▶ **Exercise directions**: Copy the data that follows, character for character, minus the pictures.

++++ Source material

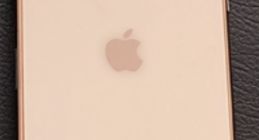 新iPhone背部Logo将改为整体居中
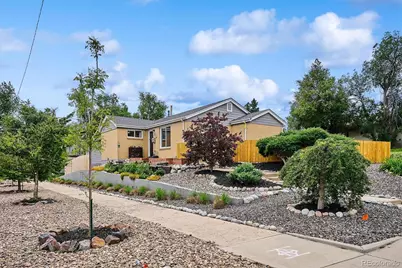 3560 N Steele Street, Denver, CO 80205 - Photo 2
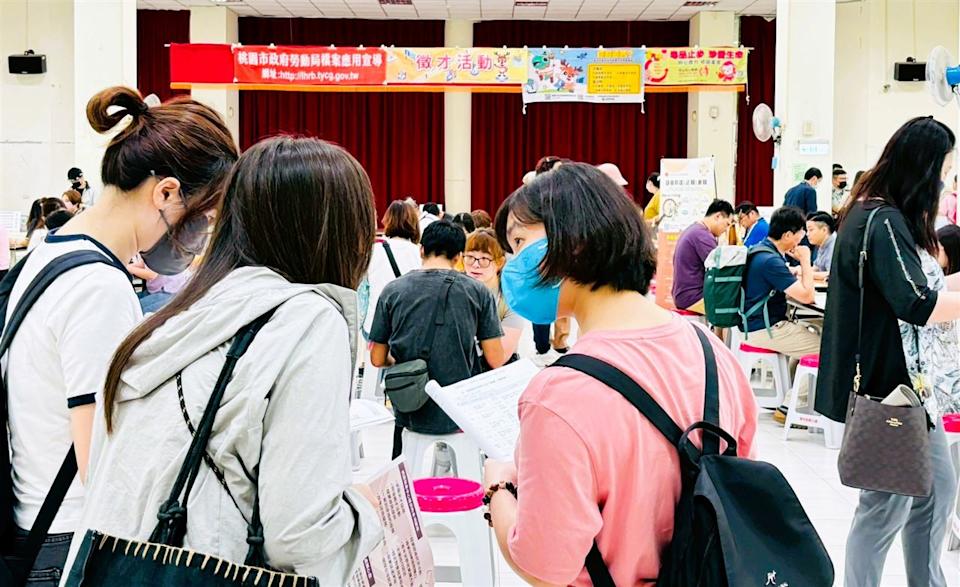 職涯攜手 一鹿相伴!桃市府就職處陽明公園市民活動中心徵才活動。(桃園市政府就業職訓服務處提供)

++++++++

▶ **Result of the exercise**:
 新iPhone背部Logo将改为整体居中
 3560 N Steele Street, Denver, CO 80205 - Photo 2
 職涯攜手 一鹿相伴!桃市府就職處陽明公園市民活動中心徵才活動。(桃園市政府就業職訓服務處提供)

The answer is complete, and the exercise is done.